The AGS market continues to exhibit a diversity of investor types (with a wide geographic spread) and has retained strong ‘price making’ competition amongst a number of (intermediary) banks. The proportion of outstanding AGS owned by non‑resident investors appears to have peaked several years ago and the number of new central banks and sovereign wealth funds entering the market has diminished markedly. Domestic and non‑resident investor interest in ‘long’ and ‘very long’ dated maturities continued to emerge though 2014‑15 and this assisted in achieving a ‘long‑end’ issuance bias.

For Treasury Indexed Bonds, gross issuance for the year totalled approximately $4 billion. No new maturities were established during the year, but a programme of regular bi‑monthly competitive tenders was completed as planned. The Treasury Indexed Bond market for AGS continued to be dominated by domestic investor interest.

Once again the AOFM continued its programme of regular engagement with the market (both domestically and internationally). It also maintained its established practice of taking account of prevailing market conditions and feedback from financial market contacts about investor demand when selecting the bond lines to issue each week.

Portfolio management and outcomes

Throughout 2014‑15 the AOFM continued with its aim of increasing the average term to maturity (and duration) of the debt portfolio. The weighted average term to maturity of the stock of Treasury Bonds outstanding at the end of the year was 6.5 years, which has been increasing steadily from around 4.8 years at the end of 2009‑10.
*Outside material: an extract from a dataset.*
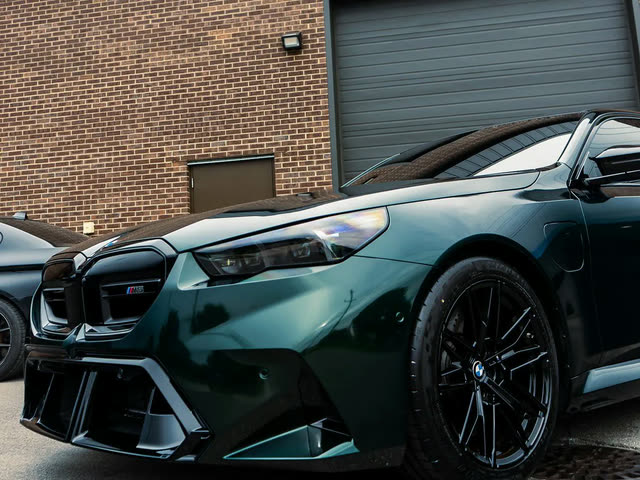 Dark green BMW M5, front corner view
Once again, sufficient periods of favourable market conditions and steadily growing interest by investors for longer dated AGS combined to allow for the overall portfolio objective to be further progressed. As noted above, this reduces the exposure of the Government to volatility in interest rates (and more specifically delays the impact on debt servicing costs of a future prolonged increase in the cost of borrowing). The issuance of Treasury Bonds with relatively long terms to maturity in a historically low interest rate environment remains a cost‑effective means of achieving this aim. As an example, issuing $1 billion in 20‑year bonds in a particular year avoids the need to issue and re‑issue $4 billion in five‑year bonds over the same period.

Residential mortgage‑backed securities

Although the AOFM has ceased investment in new residential mortgage-backed securities (RMBS), it continues to manage the existing portfolio to maturity.

In May 2015 the Treasurer issued a Direction that instructed the AOFM to commence a regular programme of divestment of the remaining RMBS portfolio. A programme of monthly competitive auctions was developed and commenced in late June 2015. The rate at which the divestment programme can be achieved will be dependent on a number of factors. One noticeable factor is investor demand for RMBS via the secondary market as compared with new primary market issuance as it becomes available. Another influencing factor will be credit market conditions generally, which will have an impact on the prices investors are willing to pay for RMBS notes offered at the regular auctions.

Looking ahead

The AOFM remains mindful of the need to consider further AGS market developments. While driven in large part by portfolio management objectives, these considerations will also be influenced by a number of related factors and will cover options for further yield curve extensions and the establishment of new maturities (issuance points) within the existing yield curve structures. Issuing new maturities in support of the three‑year and 10‑year futures market contracts remains a priority, as is further consolidation of a 20‑year benchmark. The establishment of a 20‑year futures contract by the ASX is an important market development which the AOFM views as complementary to its ‘long’ strategic issuance bias. The AOFM will also continue to monitor liquidity and how that may be affected by the outstanding size of individual bond lines; the structure of the market; and further regulatory developments that may impact sovereign bond market liquidity.